Yes, those wild and crazy volunteers for Spruce Up Austin, Inc. got together again. At least, four of them did.

Mike Ruzek, Dennis Maschka and I worked on the east side of Austin near East Side Lake.

Jerry Adwell and Austin High School varsity wrestling coach Bill Kinney and his wrestlers worked the west side of town along West Oakland Avenue.

At least, that’s what I was told.

People ask me "Why do you always write about Spruce Up Austin?" and I tell them, "Why not? They have never sued or written letters to the editor about me."

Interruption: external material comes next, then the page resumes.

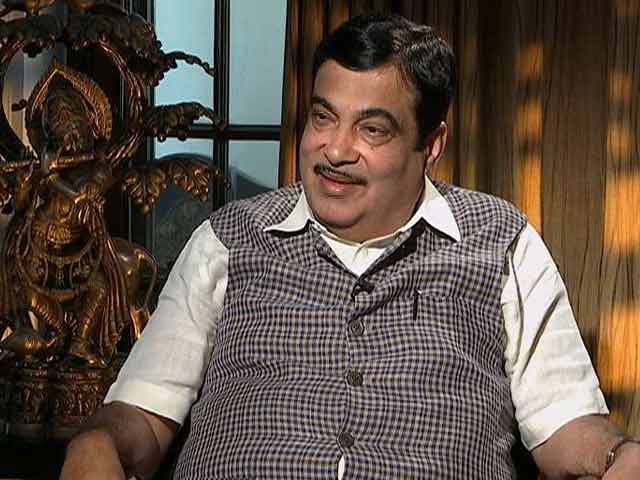 Punishing Officials For Honest Mistakes Can Lower Morale: Nitin Gadkari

Spruce Up Austin, Inc. is a lot like the Minnesota Department of Corrections Sentencing To Service Program. You make a simple mistake and join, attend a few meetings and then find yourself performing physical labor under close supervision, while your friends drive by and wave.

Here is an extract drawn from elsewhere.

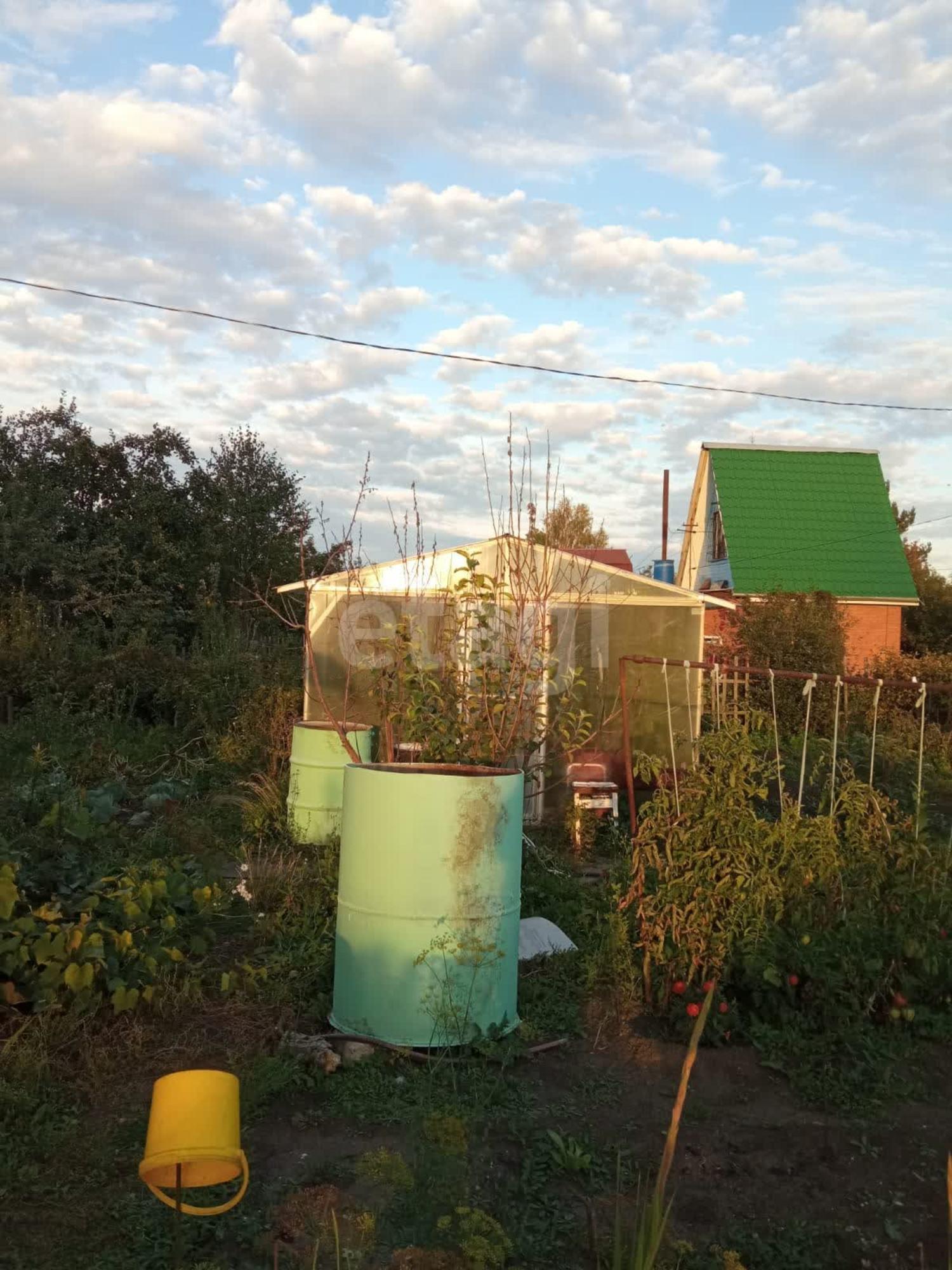 Купить дачу, дом, коттедж за 750 000 рублей на Шинник-3 СНТ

Mr. Ruzek, or, as we have come to call him after several years of planting trees and really getting to know him, Mr. Ruzek) chose Richard Chuick as his partner, which didn’t surprise me one bit.

Ever since I said Mr. Ruzek had "rocks in his head" he has grown testy around me. Heck. It was an innocent mistake. What I meant was he has rocks on his mind, because of his passion for boulders. There was a time when he wanted a large boulder at every landscaping project in Austin, but we just ignored him, figuring his wife must have hid the remote from him again and he was taking it out on us.

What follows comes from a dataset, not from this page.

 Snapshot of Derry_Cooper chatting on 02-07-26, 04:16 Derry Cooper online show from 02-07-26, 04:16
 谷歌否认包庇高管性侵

Mr. Chuick did not have to be there last Saturday morning. His wife, Jan, is on the committee, but Richard isn’t. It is this kind of situation that keeps the number of married couples away from Spruce Up Austin.

That left Dennis Maschka and I to be paired up to do our work. We had a brand new Gator and Dennis did the driving, while I did the talking.

Our assignment – please pay close attention here, this is sophisticated stuff – was to mulch trees along East Side Lake Park.

The Austin Parks, Recreation, Forestry and Spamtown Belle Excursion Trips Department had cleverly left piles of mulch at strategic locations along East Oakland Avenue.

Dennis and I would fill the box on our Gator vehicle with mulch, pausing several times to lean on our pitch fork and scoop shovel to admire our work and wonder aloud what we were doing there.

Then, we would drive to a tree and – if you cannot keep up with the terminology I am using to describe this work, please go directly to today’s crossword puzzle – throw the mulch around it.

The work went well, but for the second consecutive year, hundreds of men, women and children marched in silent protest as we performed our task. Dennis said they were Catholic families walking to raise money for their school, but I knew better. A trained journalist knows these things.

The work also went fast and it was only a coincidence that the rest of the Spruce Up Austin members were absent. There are no hard feelings here. Heck, people have other things to do on Saturday mornings than apply mulch to trees.

For instance, I bet Bonnie Rietz, one of our members, who is also mayor of Austin, was busy at a ribbon-cutting for a new street light or something important like that. Jerry McCarthy, another member who is a very high-level mucky-muck at Austin Utilities was probably taking a refresher course in screwing in a light bulb. And, Gretchen Ramlo, still another member, probably got caught in traffic on the way to our work site.

Dennis didn’t say much. I thought, because I had the head of one of the most important city departments, sitting next to me, driving a Gator like stunt driver Joey Chitwood, he would loosen up a bit and give me the inside scoop.

I told him about the picture Don (Hooch) Hanson sent us and wanted published in the paper. It shows at least seven people, standing around looking at a hole in the ground and a city vehicle at an undisclosed location. Nothing is apparently happening and the Hoochster wondered who they were.

Maschka snorted when I told him this and I didn’t bring up the subject again.

My guess is it was either Austin police officers stopping at the White Whale to check on a crime or Austin school board members looking for answers.